Thanks for your reply, I think it will be sunk, as the total weight in the pipe with green object is heavier than the other pipe. I just want to confirm this and no need to consider other things.
 
Meteor73 said:
as the total weight in the pipe with green object is heavier than the other pipe
That is the reason why the whole thing would fall over, not why the green object sinks inside.
 
A.T. said:
That is the reason why the whole thing would fall over, not why the green object sinks inside.
Sorry, do you mean water in both pipes will fall, and vacuum creates at top??
 
A.T. said:
That is the reason why the whole thing would fall over, not why the green object sinks inside.
He left out the clamps for the experiment in the diagram. Did we not automatically take that into account? If the possibility of toppling was meant to be discussed, wouldn't there have been a table top in the diagram?

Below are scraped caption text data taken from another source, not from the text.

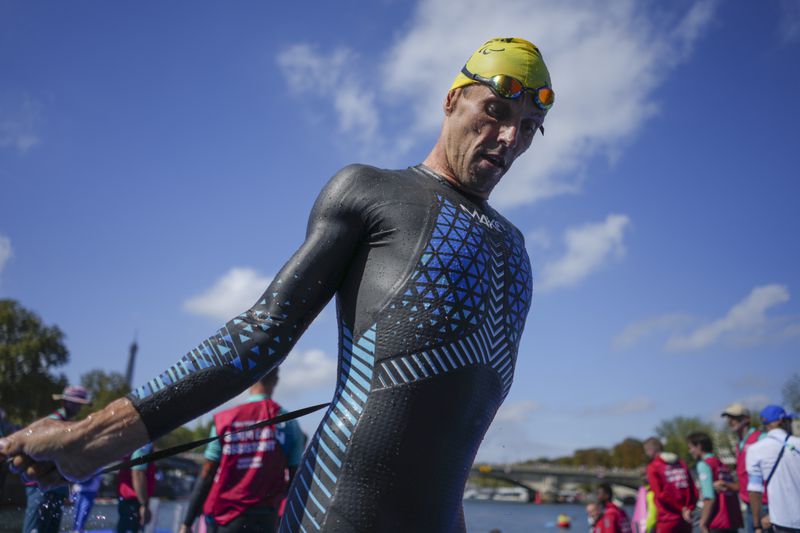 France's Alexis Hanquinquant prepares to compete in the men's PTS4 Triathlon at the 2024 Paralympics, Monday, Sept. 2, 2024, in Paris, France. (AP Photo/Thibault Camus)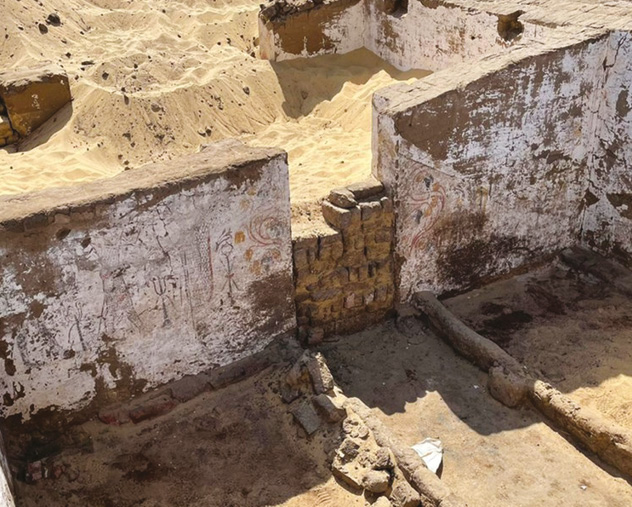 above The Roman period tomb with painted walls discovered at Tuna el-Gebel.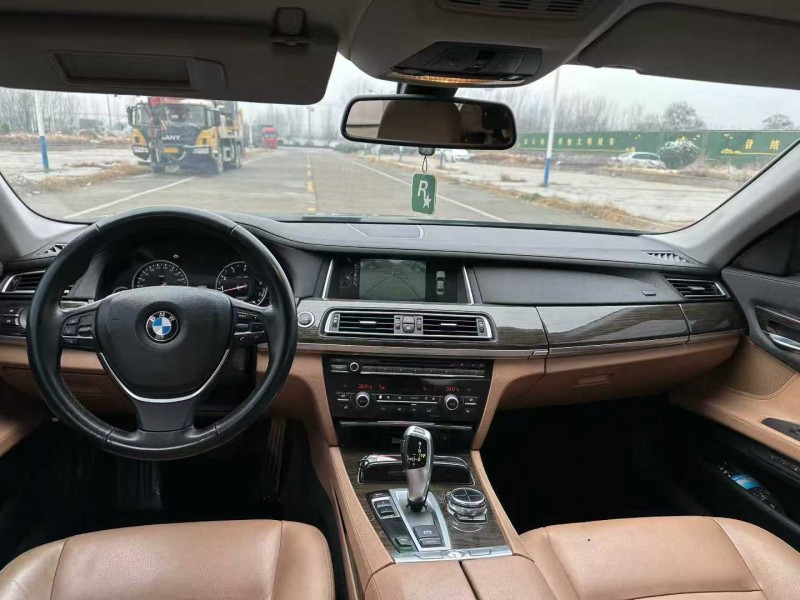 枣庄14年宝马7系4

@Meteor73 that looks an OK argument - straight out of Archimedes
 
sophiecentaur said:
He left out the clamps for the experiment in the diagram. Did we not automatically take that into account? If the possibility of toppling was meant to be discussed, wouldn't there have been a table top in the diagram?
@Meteor73 that looks an OK argument - straight out of Archimedes

:biggrin: Thanks Sophie, this is not the scope of the experiment. We can assume the pipe structure is well fixed, and just focus on what happen inside the pipe.